The 40 Bags in 40 Days challenge got difficult about a week ago. Chuck and I kind of hit the wall. Part of that was schedule related. I had some long days and a lot of grading to do. Chuck was working some mandatory overtime, and he needed to carve out time to sleep somewhere in his 24 hour cycles. Excuses aside, we weren’t keeping up.

And then Chuck started the Piano Project. We’ve been looking at our antique baby grand piano, a lovely piece of furniture with many memories, just as lovely. No one in the home currently plays piano, unless it’s in the guise of helping Amigo learn his barbershop music. For that purpose, we bought a Yamaha electronic keyboard. It works well and takes up very little space.

The piano is now destined to be repurposed and upcycled. Can an object be both? This one can. Chuck is currently taking it apart, piece by piece, with a goal of creating bookshelves. As he’s working, we are storing all the pieces. This isn’t helping the de-junking project, but it is going to help create space in a big way.
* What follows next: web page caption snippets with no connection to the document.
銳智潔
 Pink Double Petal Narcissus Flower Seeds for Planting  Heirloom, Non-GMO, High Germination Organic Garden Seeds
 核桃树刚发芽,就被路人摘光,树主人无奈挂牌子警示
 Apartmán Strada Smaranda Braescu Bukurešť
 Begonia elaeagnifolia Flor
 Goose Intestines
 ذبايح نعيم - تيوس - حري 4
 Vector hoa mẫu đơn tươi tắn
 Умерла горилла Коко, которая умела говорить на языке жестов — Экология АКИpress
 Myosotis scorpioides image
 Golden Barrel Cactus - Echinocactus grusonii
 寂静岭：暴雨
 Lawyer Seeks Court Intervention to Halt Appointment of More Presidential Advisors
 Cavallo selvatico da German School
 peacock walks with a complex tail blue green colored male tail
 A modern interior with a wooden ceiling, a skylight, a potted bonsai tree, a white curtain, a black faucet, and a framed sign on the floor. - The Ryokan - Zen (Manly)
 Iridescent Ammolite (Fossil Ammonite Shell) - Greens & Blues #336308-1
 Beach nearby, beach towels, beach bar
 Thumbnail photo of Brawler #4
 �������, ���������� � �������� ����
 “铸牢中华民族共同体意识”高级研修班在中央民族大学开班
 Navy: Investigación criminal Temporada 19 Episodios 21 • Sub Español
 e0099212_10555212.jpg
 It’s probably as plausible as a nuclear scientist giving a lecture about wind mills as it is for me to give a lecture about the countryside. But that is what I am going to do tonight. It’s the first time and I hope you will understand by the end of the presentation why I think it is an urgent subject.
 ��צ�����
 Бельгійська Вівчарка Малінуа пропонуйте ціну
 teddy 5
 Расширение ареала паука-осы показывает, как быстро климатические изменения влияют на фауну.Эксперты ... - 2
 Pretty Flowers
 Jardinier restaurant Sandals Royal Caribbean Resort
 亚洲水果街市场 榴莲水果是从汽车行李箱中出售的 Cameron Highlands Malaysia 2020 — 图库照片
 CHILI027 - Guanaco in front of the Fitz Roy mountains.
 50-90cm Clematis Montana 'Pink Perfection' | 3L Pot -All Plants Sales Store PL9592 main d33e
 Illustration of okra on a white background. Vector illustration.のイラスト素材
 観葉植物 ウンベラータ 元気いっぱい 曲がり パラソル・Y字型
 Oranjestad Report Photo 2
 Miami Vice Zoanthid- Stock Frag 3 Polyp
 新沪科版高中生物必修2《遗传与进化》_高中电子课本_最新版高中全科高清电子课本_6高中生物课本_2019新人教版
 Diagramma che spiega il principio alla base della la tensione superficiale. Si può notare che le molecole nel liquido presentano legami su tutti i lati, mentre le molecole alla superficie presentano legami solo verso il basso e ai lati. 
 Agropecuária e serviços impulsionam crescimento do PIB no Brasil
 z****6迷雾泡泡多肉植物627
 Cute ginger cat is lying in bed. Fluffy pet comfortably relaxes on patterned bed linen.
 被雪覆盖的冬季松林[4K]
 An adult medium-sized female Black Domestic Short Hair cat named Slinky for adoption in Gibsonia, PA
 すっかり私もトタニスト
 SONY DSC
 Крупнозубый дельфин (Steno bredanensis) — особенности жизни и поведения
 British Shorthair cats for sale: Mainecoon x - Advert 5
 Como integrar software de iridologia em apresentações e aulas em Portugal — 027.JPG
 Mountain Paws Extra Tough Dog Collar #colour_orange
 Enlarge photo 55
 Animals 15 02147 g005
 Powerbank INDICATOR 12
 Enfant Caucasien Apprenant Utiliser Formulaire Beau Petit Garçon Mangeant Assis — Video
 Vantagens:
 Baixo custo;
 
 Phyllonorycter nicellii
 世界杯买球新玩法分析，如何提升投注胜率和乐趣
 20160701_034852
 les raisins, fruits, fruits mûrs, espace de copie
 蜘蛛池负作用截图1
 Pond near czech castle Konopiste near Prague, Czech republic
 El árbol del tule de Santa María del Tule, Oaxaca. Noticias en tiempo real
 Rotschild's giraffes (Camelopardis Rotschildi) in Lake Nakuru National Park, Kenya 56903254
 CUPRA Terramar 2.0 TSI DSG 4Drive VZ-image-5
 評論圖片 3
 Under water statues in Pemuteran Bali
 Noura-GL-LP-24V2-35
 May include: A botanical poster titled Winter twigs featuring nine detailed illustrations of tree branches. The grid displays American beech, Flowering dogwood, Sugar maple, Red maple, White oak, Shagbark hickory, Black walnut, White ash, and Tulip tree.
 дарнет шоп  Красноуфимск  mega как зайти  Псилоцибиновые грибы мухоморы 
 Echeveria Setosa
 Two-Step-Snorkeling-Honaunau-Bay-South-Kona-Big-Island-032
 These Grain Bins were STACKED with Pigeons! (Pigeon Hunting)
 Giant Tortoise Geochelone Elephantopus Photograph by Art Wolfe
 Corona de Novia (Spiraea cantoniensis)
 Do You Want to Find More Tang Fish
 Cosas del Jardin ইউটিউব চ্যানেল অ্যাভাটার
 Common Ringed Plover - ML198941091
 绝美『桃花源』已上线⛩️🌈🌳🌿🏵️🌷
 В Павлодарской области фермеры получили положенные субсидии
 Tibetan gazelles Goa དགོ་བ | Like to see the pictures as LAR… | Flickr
What’s that keyboard doing on my fireplace mantel?

The felt hammers needed to rest in the living room. That’s Amigo’s Spark Plug award on the left, a white elephant gift in the middle, and a cactus on the right.

A cactus in a tuba. Every home should have one.

Meanwhile, Chuck is working diligently to loosen the strings and remove the sound board of this lovely instrument. I pulled out the dampers today and set them aside.

When the project is done, I’ll post a few “After” shots. I think you’ll like it, readers. Maybe you’ll even forget that I didn’t make it to 40 bags in 40 days. Instead, we attacked a major family project.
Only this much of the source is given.